My teacher proposed this exercise:
Let $f$ be a differentiable function on $(a, b)$ except in $x_1, x_2 \in (a, b)$. Suppose that $f$ is continuous on $[a, b]$. Prove the next statement: if $f'(x) > 0$ for all points of $(a, b)$ where $f$ is differentiable then $f$ is increasing on $[a, b]$. Is the converse true?
My attempt:
I applied the MVT for intervals $[a, x_1), (x_1, x_2), (x_2, b]$ taking two arbitrary numbers in each interval, checking the conditions for MVT and concluding that $f$ is increasing in each interval.
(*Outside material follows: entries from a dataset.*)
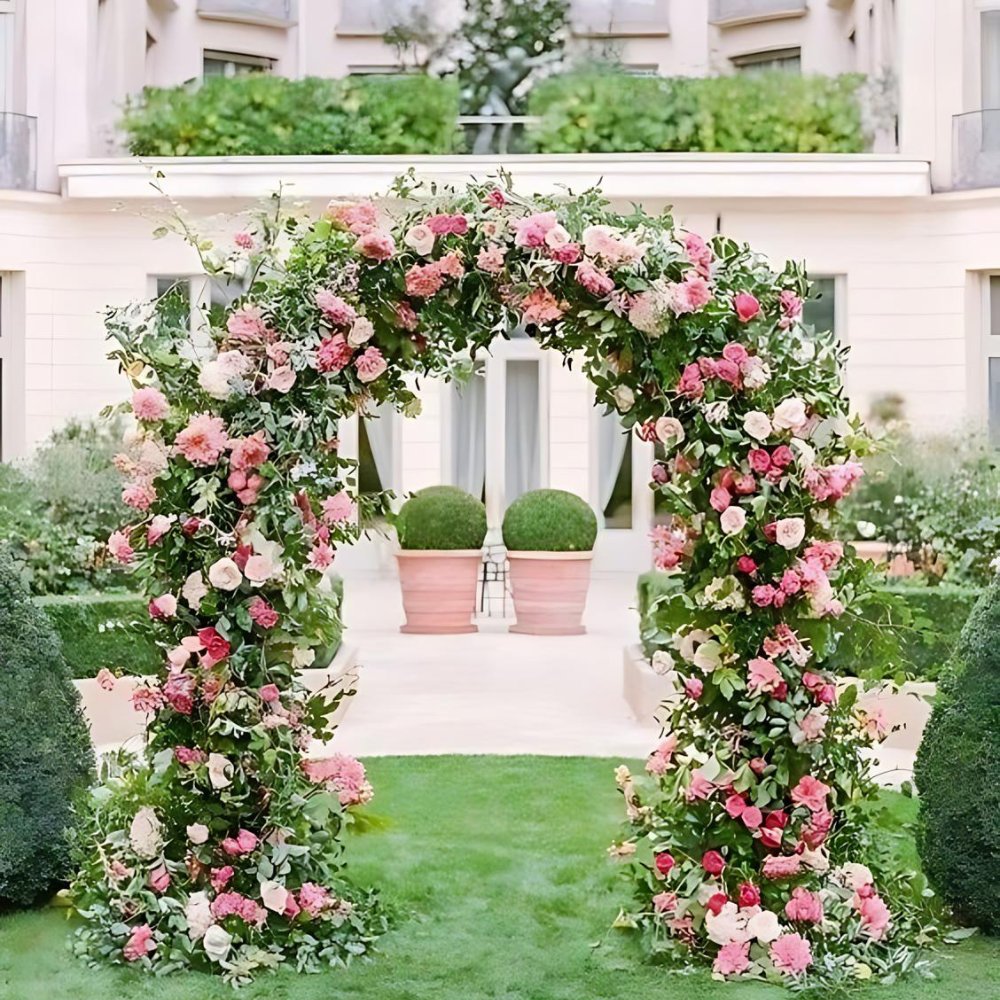 Wedding Garden Arch Arbor Trellis Archway for Climbing Plants Rack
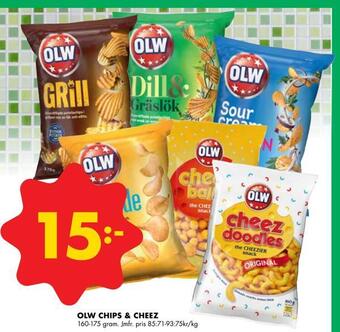 ÖoB Olw chips & cheez erbjuda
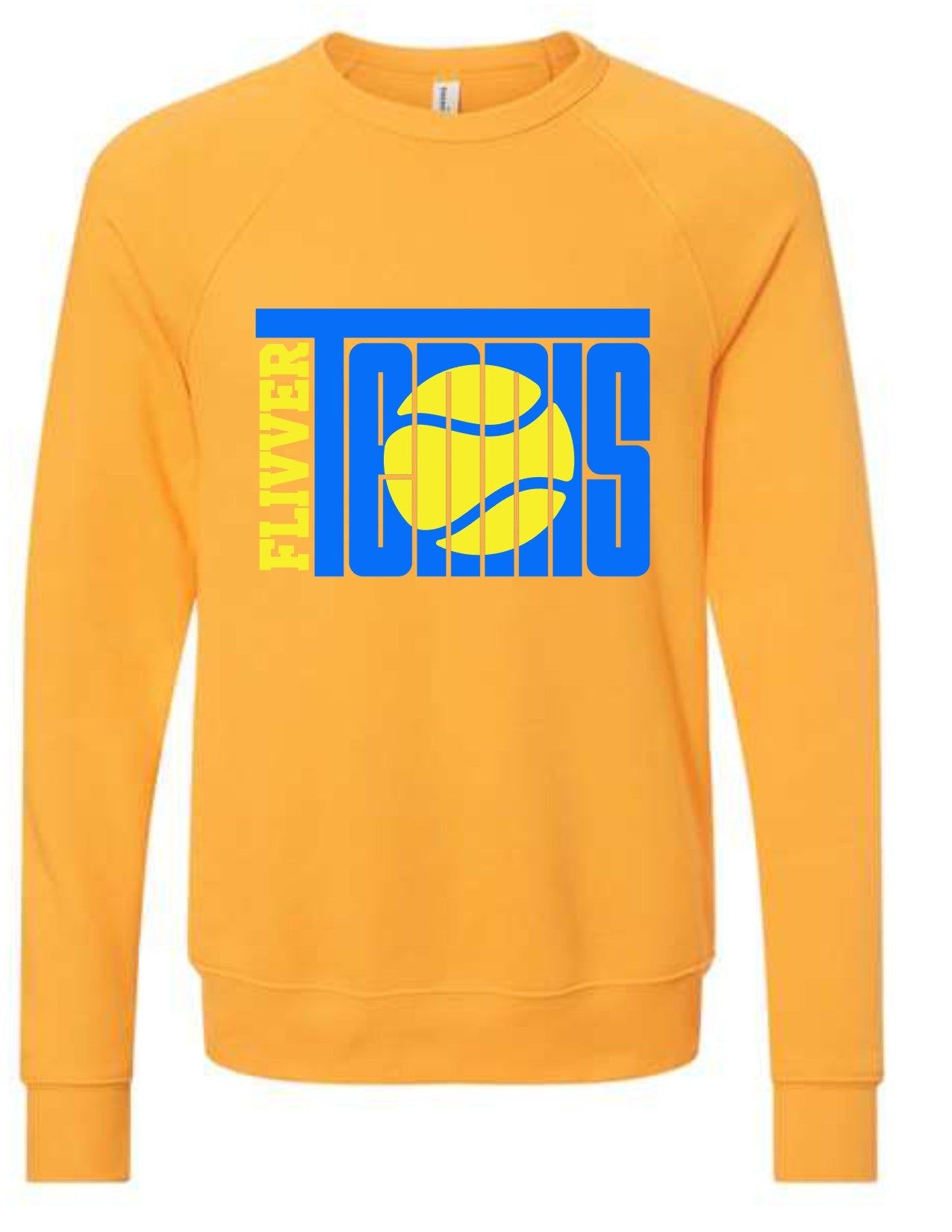 Flivver Tennis tall font with ball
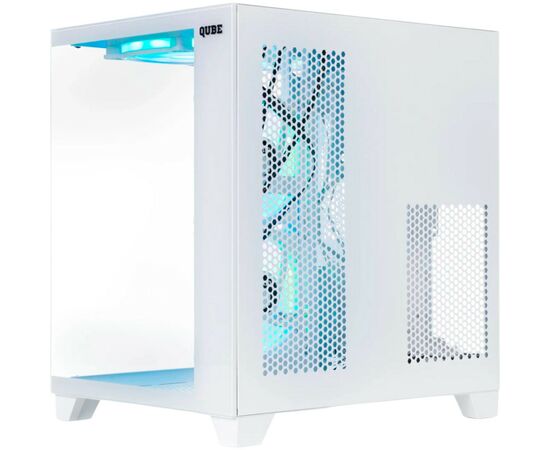 Корпус Qube REEF ARGB White (REEF_GMNU3), изображение 2 Корпус Qube REEF ARGB White (REEF_GMNU3), изображение 2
But how I conclude that $f$ is increasing on $[a, b]$? I think I have to prove that $f(x) \le f(y)$ for every $x \in [a, x_1)$ and $y \in (x_1, x_2)$, the same way for the other interval, but I am not sure how to do it.
As the exercise is proposed, I consider the converse is not true. (I add the definition of increasing function given by the teacher. $f$ is increasing in $I$ if: $x \lt y \implies f(x) \lt f(y)$). So, taking $f(x) = k \in \Bbb R$ we have a increasing function but $f'(x) = 0$ for all $x \in \Bbb R$. I am reasoning in the right way?
I would really appreciate your help. And if anyone can provide me another example of the converse, or, off course, correct me.